An Explanation of and Apology for the Use of the Apostles’ and Nicene Creeds in Worship

by Pastor Jeffrey J. Meyers

Copyright © 1997, All rights reserved.

With the rest of the country I anxiously watched the siege of the Branch Davidian compound in Waco, Texas, but there is one image that I will always remember. It is not the firefight with the ATF agents or even the apocalyptic fire that ended the assault on the compound. It was a short news clip of a woman cult member being escorted into a jail house with a swarm of reporters firing questions. She appealed to the camera, "How can they do this to us? We believe the Bible. Is it a crime to believe the Bible?"

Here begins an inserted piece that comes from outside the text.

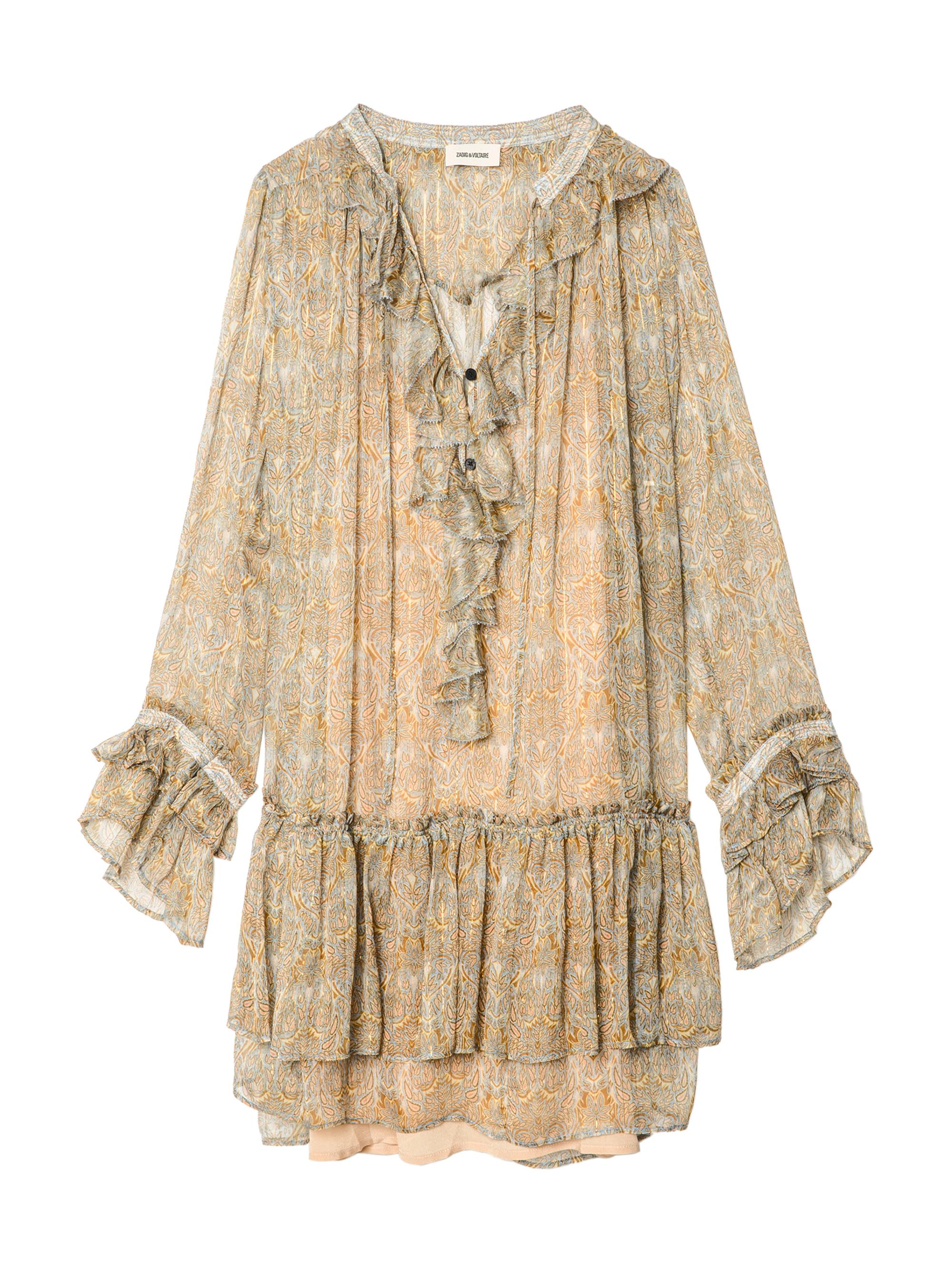 Zadig & Voltaire Women's Ralice Metallic Paisley Minidress - Cloud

Well, that depends on what you believe the Bible teaches. Everything hinges on how you understand the Bible and on what you profess as biblical truth. Jehovah’s Witnesses, Mormons, Moslems, and even Branch Davidians all profess to believe the Bible. The real question is: what do they believe the Bible teaches? You see, the slogan "No creed but the Bible" is practically useless. Such a motto fails to provide an adequate means of distinguishing between cultic or heretical groups and the Church of the Lord Jesus Christ. I understand the motivation for such slogans. There is a real fear that the authority and sufficiency of the Bible itself will be suffocated by mere human creeds and confessions. That danger is very real. Nevertheless, the fact that creeds and confessions may be abused is not a strong enough argument to banish them from the worship and life of the church altogether. They perform a necessary and beneficial service in the life of the church [1]. The crucial service of the creeds in the life and worship of the church is the subject of this essay.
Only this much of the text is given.